Conclusions Randomised controlled trials that report using a modified intention to treat are increasingly being published in the medical literature. The descriptions of such an approach were ambiguous, and may cover any type of descriptions for exclusion, such as missing data and deviation from protocol. Explicit statements about post-randomisation exclusions should replace the ambiguous terminology of modified intention to treat.
Missing data and deviations from protocol may drive exclusions in randomised controlled trials. Excluding patients after randomisation may introduce non-comparability of characteristics across treatment groups and consequently lead to bias.1 2 3 4
The intention to treat principle implies that patients are analysed according to their original allocation, regardless of the treatment they actually received. Accordingly, withdrawals, losses to follow-up, and crossovers are ignored in a strict intention to treat analysis.5
Several studies of randomised controlled trials published in Medline and in top medical journals between 1993 and 19996 7 8 reported that fewer than half the trials used the intention to treat approach, and in many cases the term was inappropriately described or participants were improperly excluded.6
Following revision of the CONSORT (consolidated standards of reporting trials) statement,9 a study10 of 403 randomised controlled trials published during 2002 in 10 medical journals found a higher proportion of trials reporting use of intention to treat than before the statement was revised. Among trials that reported such an approach, however, only 39% analysed all participants as they were initially randomised, and the term “intention to treat” had many different interpretations.10 The introduction of ambiguous terminology into an intention to treat analysis can be misleading and may encourage investigators to inappropriately exclude participants after arbitrarily interpreting the intention to treat principle. Trials using a modified intention to treat approach are now appearing in the medical literature with varying descriptions.

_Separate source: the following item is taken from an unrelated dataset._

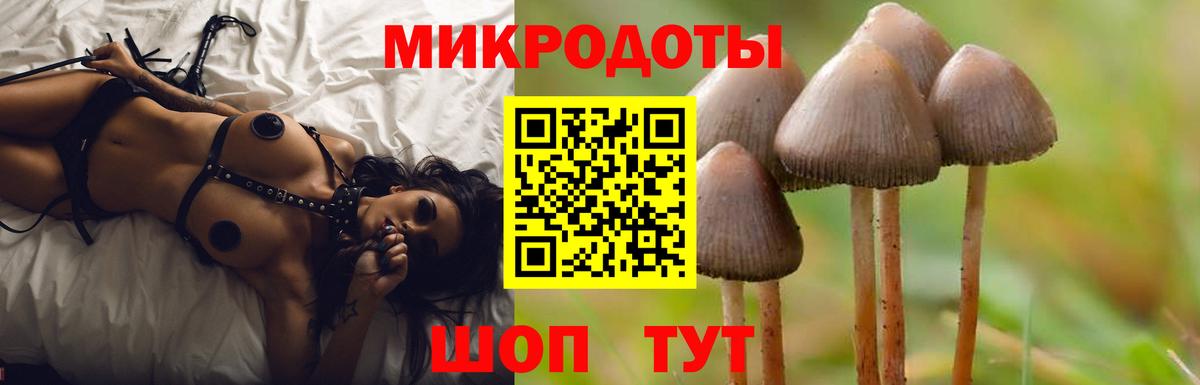Галлюциногенные грибы Psilocybine cubensis Выборг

For example, a trial of an antifungal drug for the prevention of infection in neutropenic patients described the modified intention to treat as allowing “all patients that received at least one dose of study drug” to be included in analysis.11 This approach described a case of deviation from protocol which differs from that for cases of missing data, with “a modified intent-to-treat principle that included all randomised participants who had at least one post-baseline measurement for the primary outcome.”12
In 2004 an updated CONSORT statement warned that using the term modified intention to treat may lead to confusion and to inaccurate results.13 No appropriate survey has been done on the extent to which modified intention to treat is relevant to modern randomised controlled trials. We evaluated the incidence and characteristics of randomised controlled trials that reported using the modified intention to treat approach, assessed the significance given to the approach by authors, and discussed the implications of the approach.

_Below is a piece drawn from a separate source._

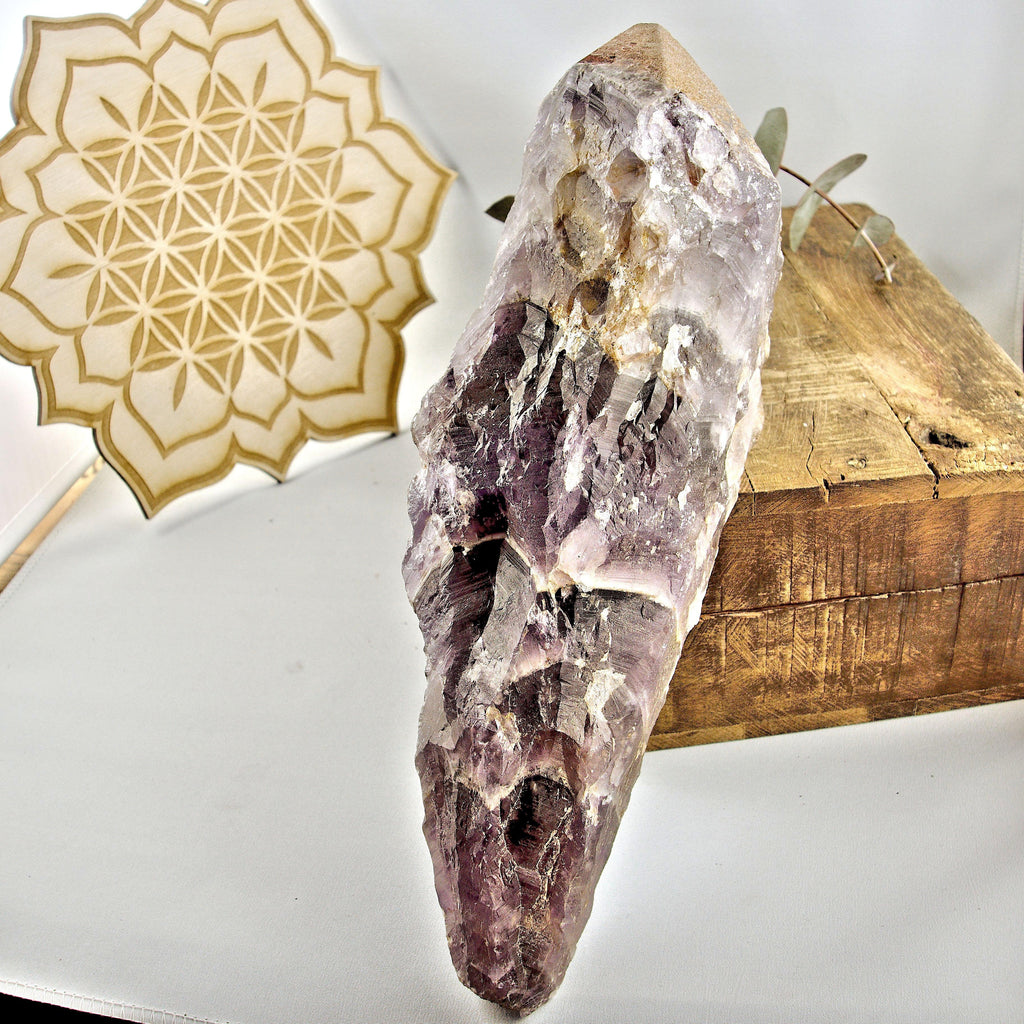 Incredible XXL Long & Powerful 1.5 KG ~Complete Genuine Canadian Auralite-23 Point With Hematite Druzy Capped Tip - Earth Family Crystals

We systematically searched PubMed, Embase, the Cochrane central register of controlled trials, and ISI Web of Knowledge and medical databases with full text journal articles (Ovid, HighWire Press, Science-Direct, Ingenta, Medscape, BioMed Central, Springer and Wiley). To identify relevant randomised controlled trials published in the English language from the inception of each database platform until 31 December 2006, we used the search terms “modified intention to treat”, “modified intent to treat”, and “modified ITT”. We independently screened titles and abstracts for potentially relevant studies and selected them on the basis of reading the full text versions. One reviewer also screened the references of reviews, systematic reviews, and meta-analyses to identify potentially eligible studies. Articles were included only if the study was a randomised controlled trial with at least one analysis done using the modified intention to treat approach. We excluded reviews, meta-analyses, cost effectiveness studies, pharmacokinetic studies, abstracts, posters, editorials, commentaries, letters, and published protocols of study designs.
Before systematically extracting data from each trial, we tested the data extraction method on a random sample of 30 articles. Interpretation of different items was discussed and classified. Subsequently, we independently and in duplicate extracted the following data using a standardised form: characteristics of the trial (including the journal and year of publication), type of primary and secondary outcomes reported, clinical area of interest, intervention studied, description of the modified intention to treat approach, any potential description of intention to treat, number of patients included in the study, P values, and the number of participants excluded from the analysis. We also extracted information on sample size calculations, reporting of equivalence or non-inferiority assumptions, reporting of funding, and authors’ competing interests.
We expressed incidence as the ratio of all trials that used the modified intention to treat approach over all the published randomised controlled trials in each year. To estimate the denominator for the incidence, we identified randomised controlled trials published each year from 1982 to 2006 by searching Medline (via Ovid) and limiting the publication type to “randomised controlled trial.” We also calculated the incidence of trials in general medical journals using modified intention to treat, where the denominator was represented by the randomised controlled trials published in the same general medical journals. According to ISI Web of Knowledge, the highly cited journals in general medicine are the New England Journal of Medicine, Lancet, JAMA, the Annals of Internal Medicine, and the BMJ.
We retrieved the types and number of deviations from a true intention to treat analysis that occurred in analyses reported as modified intention to treat and accordingly classified the trials into six categories (box). To avoid self interpretation, we categorised the deviations by rigorously following the author’s descriptions of modified intention to treat and independently of other descriptions relating to exclusions of participants. We independently reviewed each eligible trial for deviation. Differences were resolved by discussion, and a consensus was reached.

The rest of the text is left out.